The Cloud KMS, currently in beta, helps administrators manage the encryption keys for their organization without having to maintain an on-premise key management system or deploy hardware security modules. With Cloud KMS, administrators can manage all the organization’s encryption keys, not only the ones used to protect data in GCP.

Administrators can create, use, rotate, and destroy AES-256 symmetric encryption keys via the Cloud KMS API. Multiple versions of a key can be active at any time for decryption, but only one primary key version can be used for encrypting new data. The rotation schedule can be defined to automatically generate a new key version at fixed time intervals. There’s also a built-in 24-hour delay when trying to destroy keys to prevent accidental or malicious loss. Cloud KMS integrates with GCP’s Cloud Identity Access Management and Cloud Audit Logging services so that administrators can manage permissions for individual keys and monitor usage.

Cloud KMS also provides a REST API that allows AES-256 encryption or decryption in Galois/Counter Mode, which is the same encryption library used internally to encrypt data in Google Cloud Storage. AES GCM is implemented in the BoringSSL library maintained by Google, and the company continually checks for weaknesses in the encryption library using several tools, “including tools similar to the recently open-sourced cryptographic test tool Project Wycheproof,” said Google product manager Maya Kaczorowski on the Google Cloud Platform blog.
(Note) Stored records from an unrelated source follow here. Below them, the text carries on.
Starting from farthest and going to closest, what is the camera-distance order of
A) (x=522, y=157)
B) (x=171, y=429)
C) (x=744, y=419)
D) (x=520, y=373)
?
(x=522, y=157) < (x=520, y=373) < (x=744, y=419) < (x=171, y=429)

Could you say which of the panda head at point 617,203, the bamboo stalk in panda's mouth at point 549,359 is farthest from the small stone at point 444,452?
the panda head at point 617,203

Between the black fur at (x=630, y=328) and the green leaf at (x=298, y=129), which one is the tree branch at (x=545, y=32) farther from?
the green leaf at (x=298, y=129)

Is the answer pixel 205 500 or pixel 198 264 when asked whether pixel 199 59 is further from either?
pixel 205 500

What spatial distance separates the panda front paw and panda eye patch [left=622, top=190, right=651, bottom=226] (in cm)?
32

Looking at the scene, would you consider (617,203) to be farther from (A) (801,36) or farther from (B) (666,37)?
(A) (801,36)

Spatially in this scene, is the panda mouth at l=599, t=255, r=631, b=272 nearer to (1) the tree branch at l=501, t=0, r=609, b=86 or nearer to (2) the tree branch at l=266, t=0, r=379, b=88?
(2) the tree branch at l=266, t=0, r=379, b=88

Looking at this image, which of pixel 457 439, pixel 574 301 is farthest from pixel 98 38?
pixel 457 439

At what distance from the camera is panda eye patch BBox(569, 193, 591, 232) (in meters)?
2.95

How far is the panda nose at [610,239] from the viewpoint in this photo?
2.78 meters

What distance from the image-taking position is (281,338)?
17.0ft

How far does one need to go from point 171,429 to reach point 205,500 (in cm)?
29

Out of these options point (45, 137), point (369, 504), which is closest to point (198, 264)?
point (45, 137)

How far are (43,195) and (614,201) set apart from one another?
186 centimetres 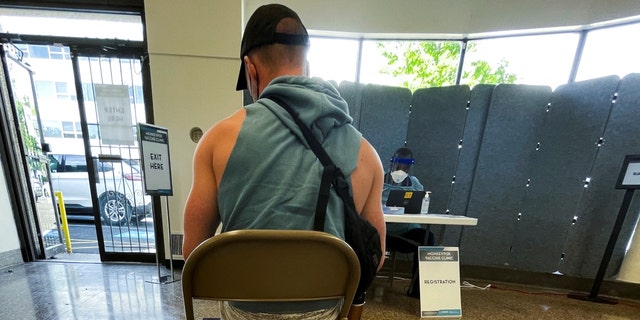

Compared to AWS and Windows Azure, GCP has lagged in encryption. Amazon introduced customer-supplied encryption keys (CSEK) to AWS customers for its S3 service in June 2014, and it introduced the AWS Key Management Service later that year. Microsoft added CSEK via Key Vault in January 2015. Google began offering CSEK in June 2015 and is only now rolling out Cloud KMS.

Google Cloud Storage manages server-side encryption by default, and administrators have to specifically select “Cloud Key Management Service” to manage the keys in the cloud service, or “Customer Supplied Encryption Keys” to manage the keys on-premise. CSEK is also available with Compute Engine.

Kaczorowski said organizations in regulated industries, such as financial services and health care, can benefit from hosted key management services “for the ease of use and peace of mind that they provide.” However, administrators should evaluate whether the convenience is worth the possibility that if the government has a legal order compelling Google to provide information about the keys, the company will have to comply because it has access to all the keys managed by the service.

There’s another potential hiccup for administrators to consider if the organization gathers personal information from Europeans. The European General Data Protection Regulation applies to European personal data, regardless of where it is stored in the world, and regulators in the past have recommended not storing encryption keys with the same cloud provider. If the key is kept securely with the organization, the cloud provider can’t do anything beyond just maintaining access to and availability of the data. Using GCP and Cloud KMS simultaneously may or may not be acceptable to European regulators.

“Encryption is only effective is you separate the encrypted data from the key storage. Using the same vendor, be it AWS or Google to store the keys and data still raises compliance and security challenges for many businesses,” said Pravin Kothari, founder, chairman, and CEO of cloud encryption company CipherCloud.